Although restrictions are easing off in some places, you might still struggle to source some of these food items – that is alright. Try to ensure that your meals are balanced, as far as possible. Make sure you have at least 3 meals a day.

The WHO has announced that working out for just 30 minutes a day can help you stay fit and boost your immunity. Try doing indoor exercises such as skipping, dancing, yoga, and aerobics for 30 minutes every day. If you’re allowed to step outside, try and go for a walk or jog around your neighbourhood. Keep in mind that even day-to-day activities such as washing vessels, rearranging furniture, dusting your house or sweeping the floors can turn into a workout.

For mental well-being: Try mindfulness or journaling

Sometimes, your mind needs a break from the chaos of social media, news, work, and life in general. Mindfulness is a great way to help you find inner peace. It is a skill that takes time to develop, but with a bit of practice, you can do it! 

Here’s a simple mindfulness exercise for you to try: pick an everyday activity, such as brushing your teeth or taking a bath, and while you engage in it, notice what you can see, feel, hear, smell, and taste. Doing this even for 2 minutes can help you feel more mindful.

If this does not seem to be of your interest, you can try journaling. Writing about your day, your emotions or even about your dreams can help you feel more positive. Studies have found that writing in a journal improves sleep, keeps negative thoughts at bay, and strengthens your immune system. Write in your journal for 20 minutes at the end of each day.

For financial well-being: Examine your finances

The health crisis has given rise to major economic changes. This can trigger a lot of stress – especially if you have just graduated from college, or are in between jobs. At this time, it’s crucial to take a proactive approach to your finances. Financial wellness is crucial for a healthy and happy life. 

At the end of each week, make a conscious effort to spend some time going through your finances. Study your past expenses, check on your existing savings or investments, identify any big upcoming expenses and decide on a savings goal that you will work on. 

You can also use this time to cancel any recurring, unnecessary subscriptions, automate recurring bill payments, study about investments, or take a budgeting or financial literacy class. You could even ask a friend, relative, or financial advisor to help you out.

For social well-being: Make virtual plans with loved ones 

Studies show that the biggest predictor of happiness in life is the quality of our relationships. Usually, this is good news because human beings are social animals. However, with the need to practise social distancing, maintaining relationships can be hard – especially if you live far away from your loved ones.

Make a list of friends and relatives you enjoy spending time with. Call them or send them a message and arrange a virtual meeting with them via video call. If you live close by, you can even make a plan to do something together – keeping safety guidelines in mind. If you live with your family or roommates, set up a games night with them or try to spend time talking to each other.

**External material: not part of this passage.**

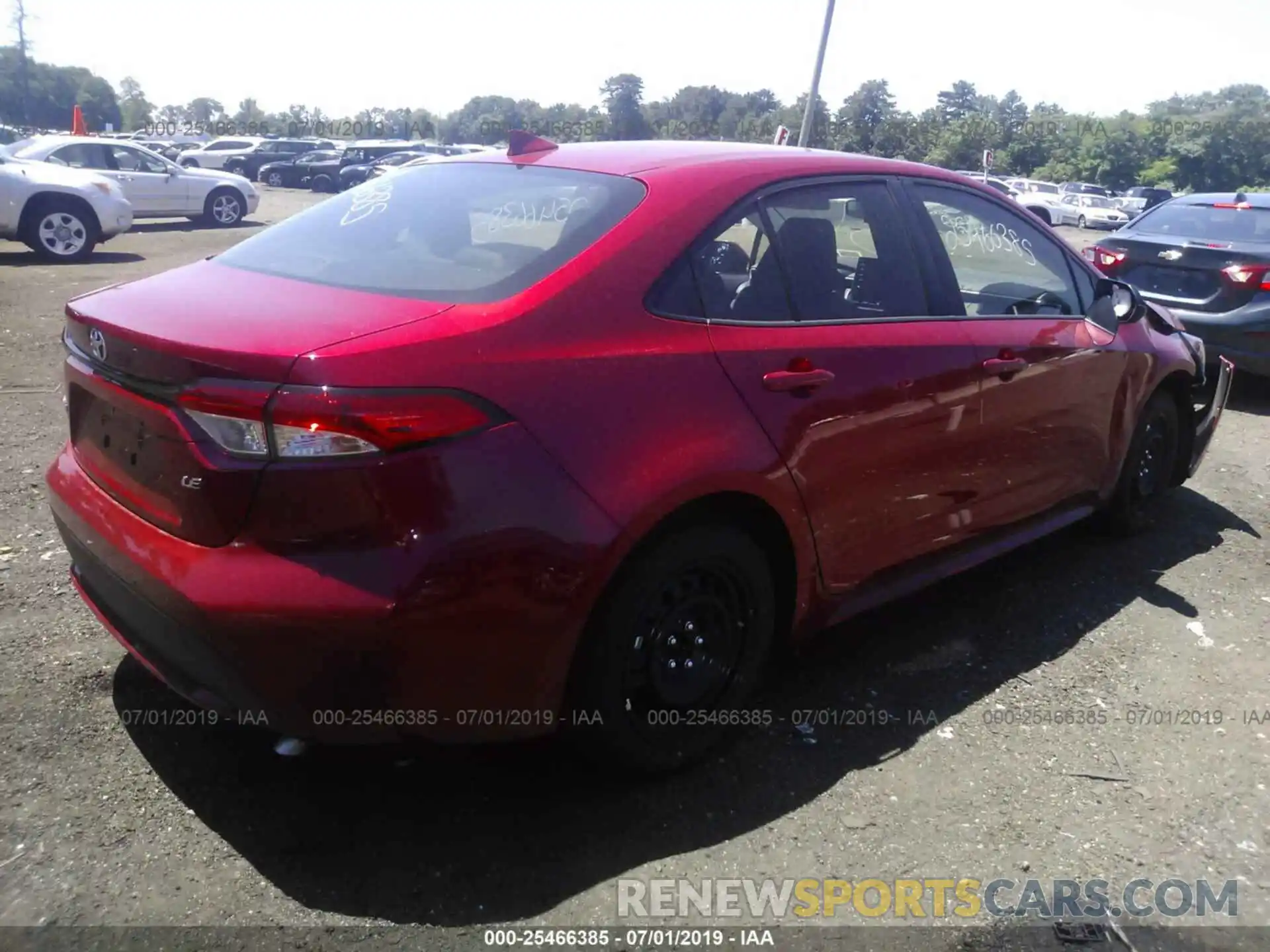 4 Photograph of a damaged car JTDEPRAE9LJ026742 TOYOTA COROLLA 2020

To boost your social well-being, you could also try performing a random act of kindness towards another person. You could donate to charity, buy something from a small business that may be struggling, pay your employees more, or do your roommate’s chores.

For environmental well-being: Appreciate nature

Spending time in nature has been found to have many benefits for your health, mental peace and immunity. 

Get in touch with nature by going for a nature walk, basking in the morning sun, setting up a kitchen garden, or doing something for the environment. You could even take up a sustainability pledge such as using less plastic, going zero waste, or eating vegan food twice a week. You can begin doing this now and continue it even after things settle down.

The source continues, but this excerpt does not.